Firstly, the necessary packages are installed, BeautifulSoup and Requests, using the pip package manager. 

The below codes scrape news headlines and articles from four websites of (https://www.bbc.com) and organize the extracted data into a pandas dataframe. 

The text from each headline and article is extracted using the BeautifulSoup library and stored as tuples in a list. The list is then used to create a pandas dataframe. 

The headline and body of each article are combined into a single text and stored in a new column in the dataframe called 'Text'. 

The original 'Headline' and 'Body' columns are dropped and a new column called 'Language' is added to the dataframe, with the value as either igbo, yoruba, hausa, or pidgin, for every row.

The four dataframes are concatenated into the four major languages in Nigeria and the rows are shuffled.

The shuffled data frame is split in the ratio of 70 to 30 for train and test data, after which the test label is dropped from the test data. Both train and test data are saved as csv files which are kept in the 'nigerian_4lang.zip' folder.

In [None]:
!pip -q install beautifulsoup4
!pip -q install requests

In [None]:
import requests
from bs4 import BeautifulSoup
import pandas as pd
from sklearn.model_selection import train_test_split
import zipfile


Scraping the **Igbo** Language Text

In [None]:
# list of URLs to scrape
urls_igbo = ['https://www.bbc.com/igbo', 'https://www.bbc.com/igbo/news', 'https://www.bbc.com/igbo/sport']

# list to store the extracted text
data_igbo = []

# create a BeautifulSoup object
igbo_data = BeautifulSoup(requests.get(urls_igbo[0]).content, 'html.parser')

# loop through the URLs and extract the text
for url in urls_igbo:
    page_igbo = requests.get(url)
    for news in igbo_data.findAll('h3'):
        headline = news.text
        body = news.find_next('p').text
        data_igbo.append((headline, body))

# create a dataframe from the extracted text
df_igbo = pd.DataFrame(data_igbo, columns=["Headline", "Body"])

# drop rows where either the headline or the body is missing
df_igbo.dropna(how='any', inplace=True, axis=0)

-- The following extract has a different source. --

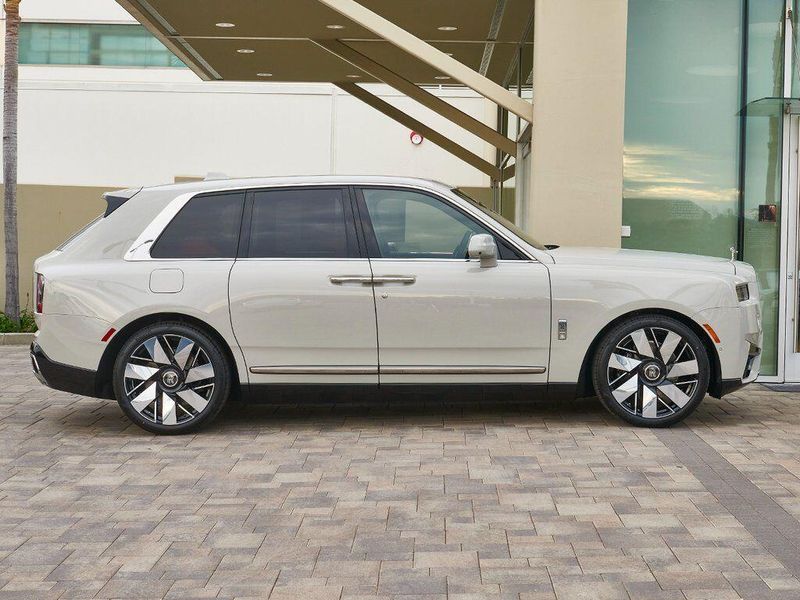 New 2026 Rolls-Royce Cullinan Image 10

# reset the index of the dataframe
df_igbo.reset_index(drop=True, inplace=True)

# create a function to combine the headline and body into a single text
def combine_text(row):
    return row['Headline'] + ' ' + row['Body']

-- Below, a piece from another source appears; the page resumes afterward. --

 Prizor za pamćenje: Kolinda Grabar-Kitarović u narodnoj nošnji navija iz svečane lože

# apply the function to the dataframe to create a new column containing the combined text
df_igbo['Text'] = df_igbo.apply(combine_text, axis=1)

# drop the headline and the body columns
df_igbo = df_igbo.drop(['Headline', 'Body'], axis = 1)

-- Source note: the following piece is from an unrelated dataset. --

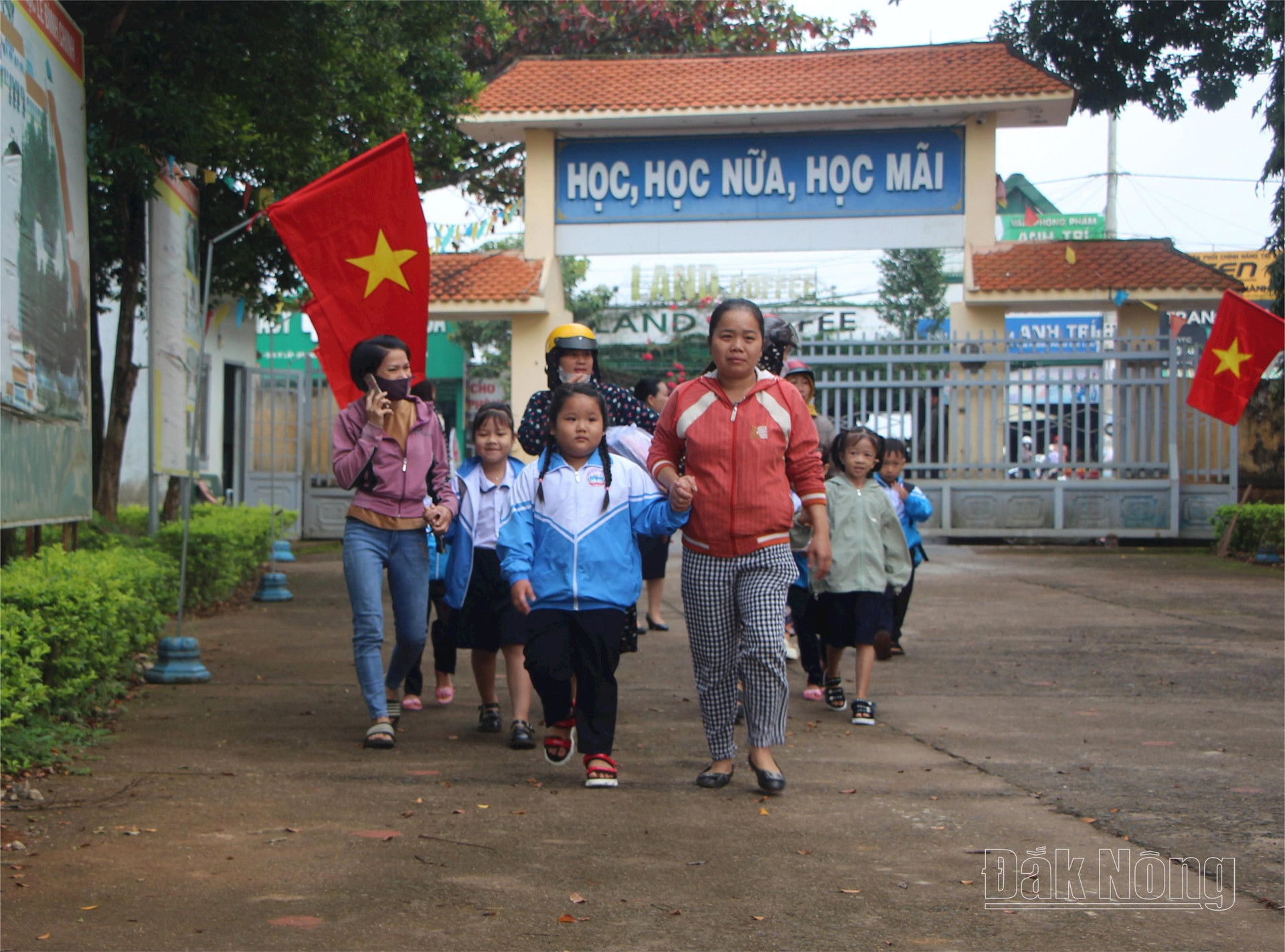 Từ sáng sớm, phụ huynh ở 7 huyện trên địa bàn tỉnh Đắk Nông đã đưa học sinh lớp 1 đến tựu trường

# add a column 'Language' with the value 'igbo'
df_igbo = df_igbo.assign(Language='igbo')

# print the dataframe
print(df_igbo.shape)

df_igbo.head()


(165, 2)


Unnamed: 0,Text,Language
0,Old Naira Deadline: Ego ochie ọ tọrọ gị n'aka?...,igbo
1,NA EME UGBU A Nicola Sturgeon ga-agba arụkwagh...,igbo
2,"Ọ ga-atụ ha n'anya, aga m abụ Gọvanọ Legọs - G...",igbo
3,Ụzọ ndị ọzọ i nwereike iji gosi obi ụtọ gị ịhụ...,igbo
4,Imo insecurity: Gịnị mere ndị omekome ji awakp...,igbo


In [None]:
# print just the first row full text
print(df_igbo.iloc[0, :].Text)


Old Naira Deadline: Ego ochie ọ tọrọ gị n'aka? Lee etu ị ga-esi kwụnye ya CBN na-ekwusi ike na ego naịra ochie abụghịzi ihe a ga-eji na-atụ mgbere ahịa na Naịjirịa.


Scraping the **Yoruba** Language Text

In [None]:
# list of URLs to scrape
urls_yoruba = ['https://www.bbc.com/yoruba', 'https://www.bbc.com/yoruba/news', 'https://www.bbc.com/yoruba/sport']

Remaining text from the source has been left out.